BRIEF:
Exactly reproduce the lines from the line bearing "Mala Praha Experience In The Center Of" through the end of the listing, inclusive of both; pictures are to be omitted.

ENTRIES SHOWN:
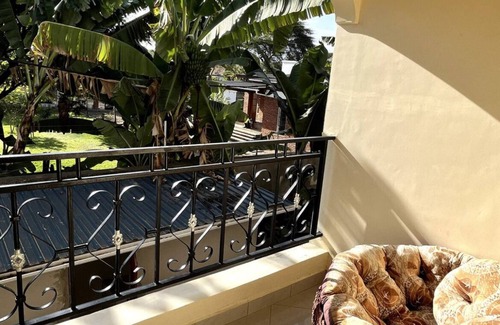 Arusha House | Entire 4-bedroom Holiday Home with a view of Mt Meru and 5min from the Airport!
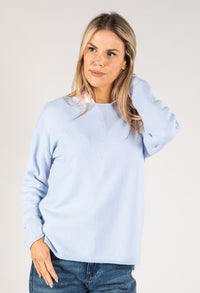 Round Neckline Knit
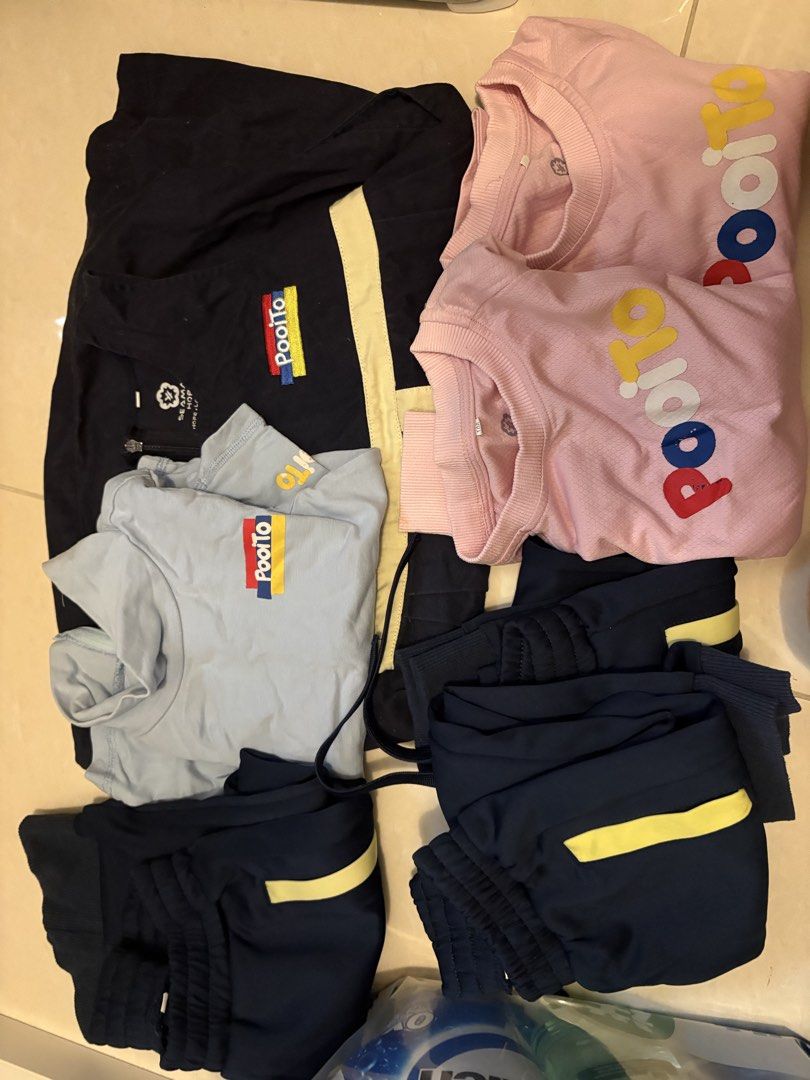 培道幼稚園校服 （分類：運動服裝）位於 Hong Kong。 由 yujai_store 提交（商品編號 1450175919，圖片 3）。簡介： 培道幼稚園校服 有書包 夏季運動服 90 x2套 夏季校服 90 x1 套 冬季 運動服 100 x2套 運動褲110 x1條 運動外套 100 x1 厚冷衫 100 x1 薄冷衫 110 x1 全要優先 只限順豐到付 。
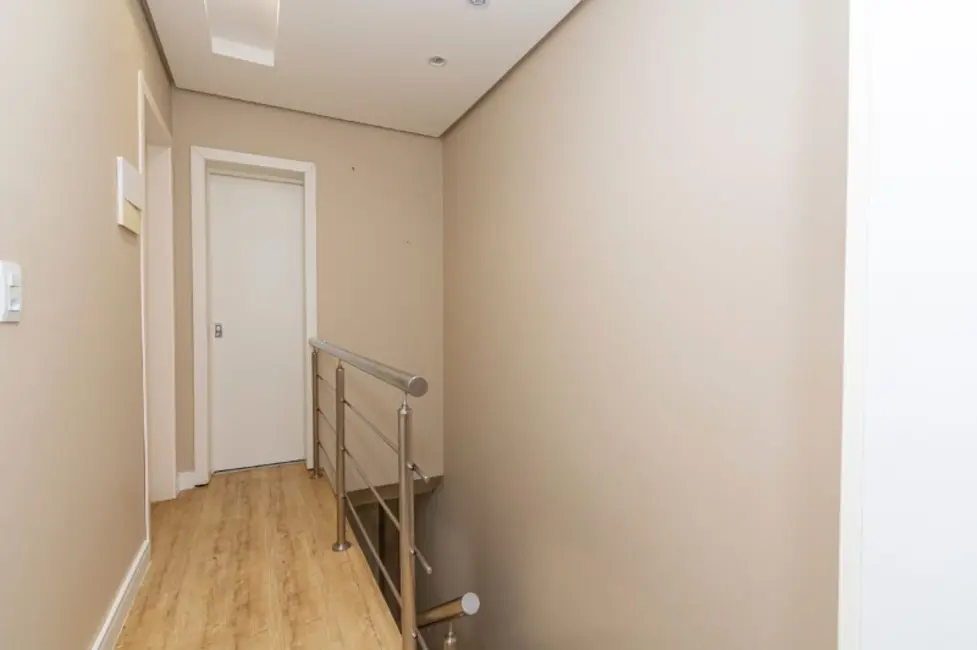 Foto 5 de Casa com 3 quartos à venda, 83m2 em Cachoeirinha - RS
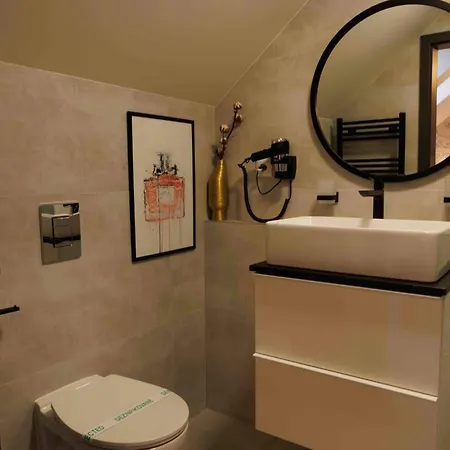 Mala Praha Experience In The Center Of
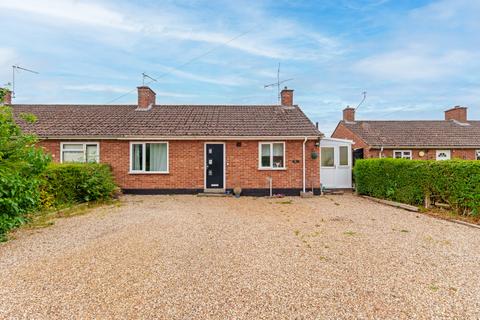 2 bed property, in Maitland Road, £340,000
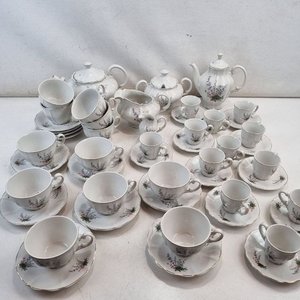 Lote siguiente: Juego de Té y Café Porcelana Olmos Completo con Flores y Bordes Dorados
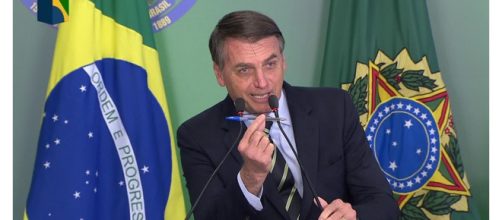 Bolsonaro assinou o decreto para a posse de armas (Reprodu&ccedil;&atilde;o: NBR )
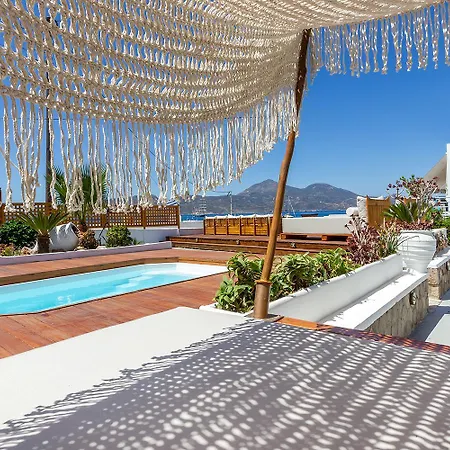 Villa Ble Oneiro Crystal *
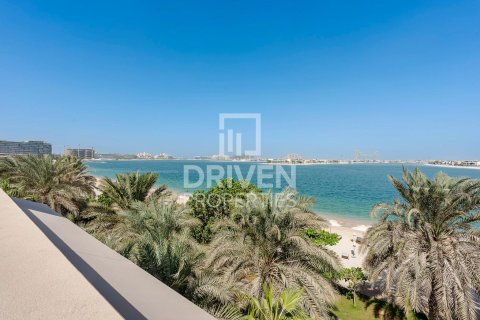 Villa in The Crescent, Palm Jumeirah, Dubai 4 bedrooms, 1079.07 sq.m. № 127441 - photo 3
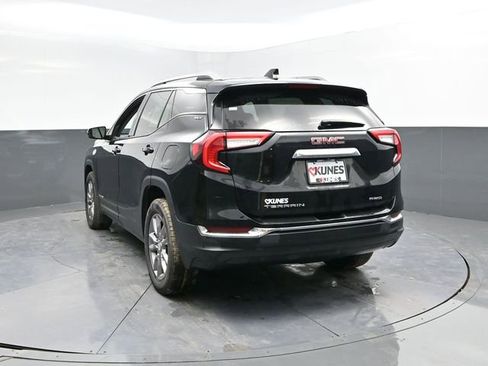 Used 2024 GMC Terrain SLT AWD/4WD image 6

RESULT BELOW:
 Mala Praha Experience In The Center Of
 2 bed property, in Maitland Road, £340,000
 Lote siguiente: Juego de Té y Café Porcelana Olmos Completo con Flores y Bordes Dorados
 Bolsonaro assinou o decreto para a posse de armas (Reprodu&ccedil;&atilde;o: NBR )
 Villa Ble Oneiro Crystal *
 Villa in The Crescent, Palm Jumeirah, Dubai 4 bedrooms, 1079.07 sq.m. № 127441 - photo 3
 Used 2024 GMC Terrain SLT AWD/4WD image 6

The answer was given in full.